The importance of person-centred care when developing future health strategies (L4)

DNVGLOn Thursday 2nd October at the EHFG 2014, DNV-GL hosted a lunch workshop on the topic of ‘Person-centred care. Towards a safer and smarter future’ in collaboration with the Young Forum Gastein network. Eva Turk, senior researcher, and Stephen Leyshon, Deputy Programme Director, represented DNV GL Norway. Hedinn Svarfdal Björnsson, Project Leader, Determinants of Health, Iceland, represented the Young Forum Gastein and Nick Fahy, Director of Nick Fahy Consulting Ltd, UK, moderated the event. The workshop started off with a discussion of a vision for healthcare, linking in with the conference theme of ‘The Europe We Want’. Workshop participants were asked to consider their own interactions with healthcare in the past year and to describe the kind of care they wanted. Answers included ‘accessible’, ‘sustainable’, and ‘person-centred’. The challenges of ensuring sustainable healthcare were then outlined, and included lack of safety, changing needs, rising costs, fragmented care pathways and unequal access. These themes had been echoed in other fora and workshops during the conference.

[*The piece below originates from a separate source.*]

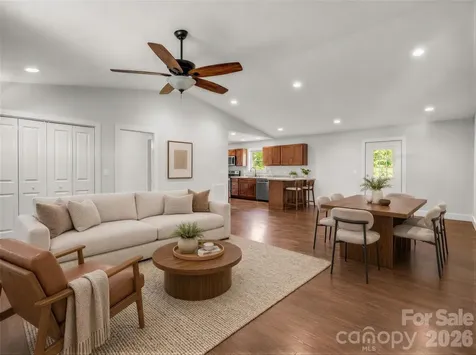 18 Old Chapman Place Leicester NC 28748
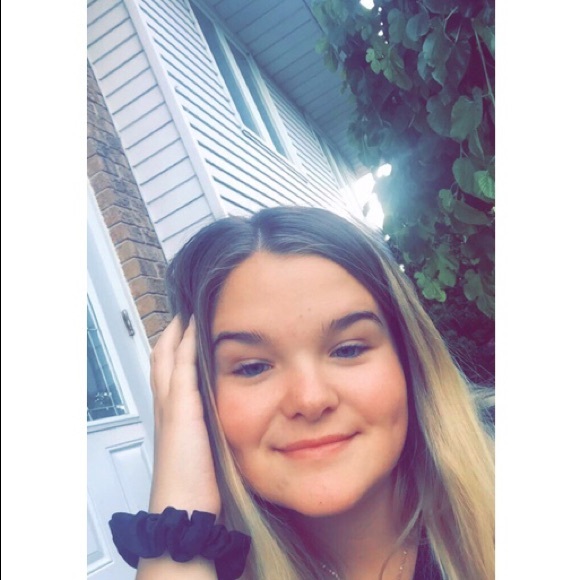 Jadyn Meriam - Poshmark Profile Picture of Jadyn Meriam (@jadynmeriam) on Poshmark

Discussion of the challenges painted a worrying picture. However, the speakers emphasised that one of the key points currently in our favour is that we are increasingly gaining a better understanding of why people become sick. Rather than taking the traditional linear approach of connecting a single cause with an outcome (e.g. poor diet and bad health), taking into account more of the full lifespan of a person will help us to understand how to best improve their health (e.g. what factors are impacting the person’s ability to eat well and how can they be improved?).

In conclusion, we need to consider the full picture and engage with it to improve health. Person-centred care was described as the basic philosophy and process whereby healthcare becomes more responsive to the psychology, social abilities, needs, and preferences of patients in addition to physical aspects of their health. In order to make this a reality, system change is needed.

How do we engage with patients to improve healthcare systems?

Stephen Leyshon discussed current and potential future approaches to engaging patients in healthcare design, or ‘co-creating healthcare’. It would seem that the same system failures continue to recur in healthcare as a direct result of not engaging patients in care design. If we are to learn from previous mistakes, and thereby improve patient safety, we should adopt approaches from other industries where service users are invited as co-designers and co-creators. This workshop invited participants to share in the opportunity to create a strategy for person-centred healthcare.

Participants watched videos of six patients/carers with different health conditions describing their experiences of the health system. Each table of participants then discussed a particular patient/carer and considered the current journey of the patient and how their care might look under a person-centred care system. Participants considered how we can involve patients as co-designers of healthcare systems and how we could use emerging technology and real-time feedback to improve safety and quality in healthcare. Finally each table fed back their discussions.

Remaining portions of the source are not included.